Kaplan–Meier survival curves with the end point of open reduction and internal fixation (ORIF) conversion to arthroplasty, stratified by sex.

Next, Kaplan–Meier survival curves with the end point of all-cause reoperation after ORIF, HA, or SA were generated, and stratified by procedure (Figure 3). Ten-year reoperation-free survival was found to be 87.9% for ORIF patients compared to 96.8% for HA patients and 96.2% for SA patients, corresponding to a cumulative incidence of 12.1%, 3.2%, and 3.8%, respectively. The multivariate Cox proportional-hazards model found that HA (HR 0.26, P < .001) and SA (HR 0.33, P < .001) were both associated with a lower risk of reoperation than ORIF. There was no significant difference in risk for reoperation between patients treated with SA versus HA (HR 1.24, P = .137). Other variables independently associated with a higher risk of reoperation included younger age (HR 0.98, P < .001), diabetes with vascular complications (HR 2.86, P = .005), and a higher number of comorbidities (HR 1.24, P < .001).

Figure 3.

Kaplan–Meier survival curves with the end point of all-cause reoperation, stratified by the procedure.

SA patients had a marginally shorter length of stay than HA or ORIF patients (median 3 days for all procedures, mean 4.4 vs 4.7 vs 4.5 days, P < .001). Thirty-day readmission rates were significantly higher in ORIF patients compared to SA or HA patients (10.4% vs 8.1% or 8.4%, P < .001). The overall rate of major short-term complications was also significantly higher in ORIF patients compared to SA or HA patients (8.2% vs 6.7% or 6.5%, P < .001), with ORIF patients specifically having a higher rate of postoperative sepsis and mechanical complications (Table 2).

Table 2.

Outcomes and Complications.

Characteristic	Fixation	Hemiarthroplasty	Arthroplasty	P-value
10-Year implant survival (%)	87.9	96.8	96.2	<.001
Median length of stay (interquartile range)	3.0 (2-5)	3.0 (2-6)	3.0 (2-5)	<.001
30-day readmission (%)	10.4	8.4	8.1	<.001
Major complication (%)	8.2	6.7	6.5	<.001
MI within 7 days (%)	0.8	0.8	0.9	.760
Pneumonia within 7 days (%)	3.5	3.2	3.0	.141
Sepsis within 7 days (%)	1.6	1.0	1.0	<.001
PE within 30 days (%)	0.7	0.9	0.8	.536
Surgical site bleeding within 30 days (%)	0.1	0.1	0.1	.963
Mechanical complication within 90 days (%)	2.4	1.2	1.2	<.001
Wound or joint infection within 90 days (%)	0.5	0.5	0.4	.447

Abbreviations: MI, myocardial infarction; PE, pulmonary embolism.

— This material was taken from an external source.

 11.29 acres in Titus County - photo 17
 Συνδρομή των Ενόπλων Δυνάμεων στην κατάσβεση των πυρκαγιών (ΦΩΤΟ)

Multivariate logistic regression showed that SA was associated with a lower risk of 30-day readmission (OR 0.77, 95% confidence interval [CI] 0.70-0.85, P < .001) and lower risk of major short-term complications (OR 0.80, 95% CI 0.71-0.89, P < .001) when compared to ORIF. Compared to HA, SA was not significantly associated with an increased risk of either 30-day readmission (OR 0.95, P = .420) or major complications (OR 0.95, P = .456). Other significant risk factors for both 30-day readmission and major complications included older age, male sex, diabetes with vascular complications, and a higher number of preoperative comorbidities. See Supplemental Appendices 2 and 3 for full multivariate results.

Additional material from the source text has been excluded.